Repetindo, o ministro da Fazenda tem razão quando diz que a política econômica não mudou, mas ao curvar-se à necessidade dos cortes (e promovê-los efetivamente) S.Exa. pode estar contribuindo para restaurar a credibilidade da política fiscal e para melhorar a qualidade da política econômica.

Mantega deveria preocupar-se com a inflação e não com o pessimismo sobre a inflação

O ministro da Fazenda reagiu de forma estranha diante da inflação de janeiro, medida pelo IPCA e divulgada ontem pelo IBGE. Os preços avançaram 0,83%, o pior resultado desde abril 2005. Mantega se disse preocupado com o pessimismo que daí poderia se instalar. Na verdade, o ministro deveria ser preocupar com a inflação e não com o pessimismo dela decorrente. Em vez de tentar acalmar o distinto público com exortações ao bom comportamento, S.Exa. deveria afirmar que o ritmo de subida de preços o preocupa e por isso adotará medidas para evitar que a inflação fuja do controle.

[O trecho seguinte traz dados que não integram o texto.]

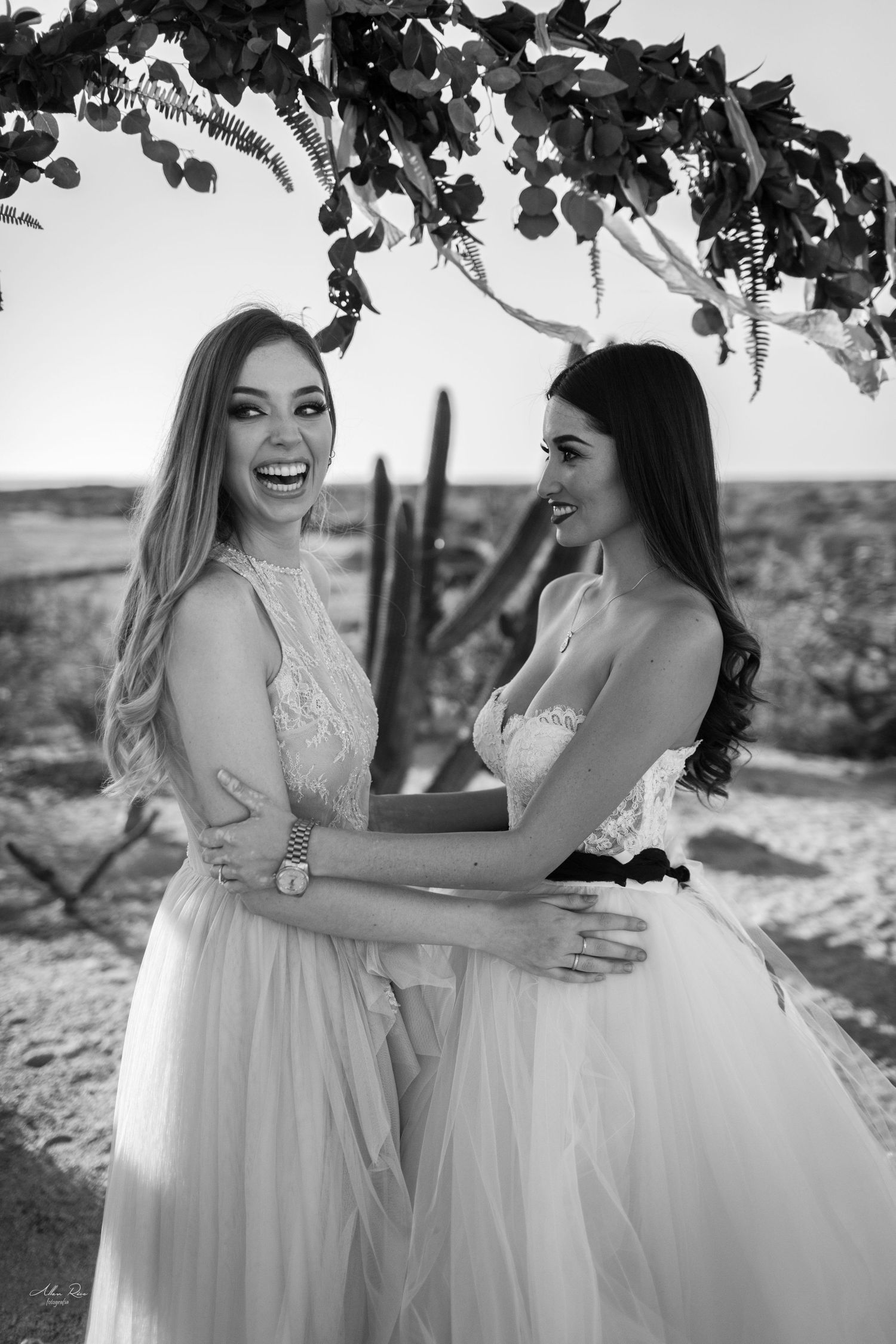 Black and white photo of two laughing brides embracing under a floral arch in the desert.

Mantega continua a afirmar que os fatores determinantes da inflação são passageiros. Primeiro falou na alta de alimentos. Agora menciona transportes. Tudo isso é verdade, mas duas coisas deveriam chamar a atenção do ministro. Primeira, a alta de alimentos, que tudo indica vai perdurar por razões fora do controle do Brasil, pode contaminar outros preços. Segundo, há sinais inequívocos de inflação de demanda pelo lado dos serviços, que subiram 7,88% em doze meses, segundo a mesma divulgação do IBGE.

É correto buscar influenciar expectativas, mas não com declarações como as do ministro. Uma forma adequada de proceder, no seu caso, seria anunciar medidas críveis, que tornem inequívoca a reversão da deterioração fiscal dos últimos dois anos do governo Lula, quando Mantega estava no mesmo cargo. Assim, a política fiscal reforçaria o arsenal da política monetária. A taxa de juros poderia subir menos.

O governo promete divulgar cortes ainda hoje. Vamos dar o benefício da dúvida e esperar.

Dilma no Congresso: três promessas, três dificuldades

Em mais um bom exemplo, Dilma compareceu hoje ao Congresso para transmitir pessoalmente a mensagem anual do presidente. Ao que me lembro, é a primeira vez que isso ocorre. É uma demonstração inequívoca de apreço e certamente fará escola. As intenções manifestadas no discurso foram muito boas, malgrado o cacoete de atribuir ao governo Lula a exclusividade pelos avanços sociais do Brasil.

A fala presidencial incluiu três promessas que merecerão aplausos, mas dificilmente se realizarão. A primeira é a de promover uma reforma política, que ganhou palmas entusiasmadas dos parlamentares. A tarefa é gigantesca. A experiência mostra que reformas políticas acontecem quando os parlamentares se sentem melhor no futuro do que no atual regime politico-eleitoral. Qualquer proposta de reforma digna desse nome implicará o desaparecimento da maioria dos partidos. Restarão uns cinco efetivamente relevantes. A reforma estará inevitalmente concentrada em mudar a forma de eleger deputados e vereadores. Dificilmente se construirá o consenso necessário. Veremos.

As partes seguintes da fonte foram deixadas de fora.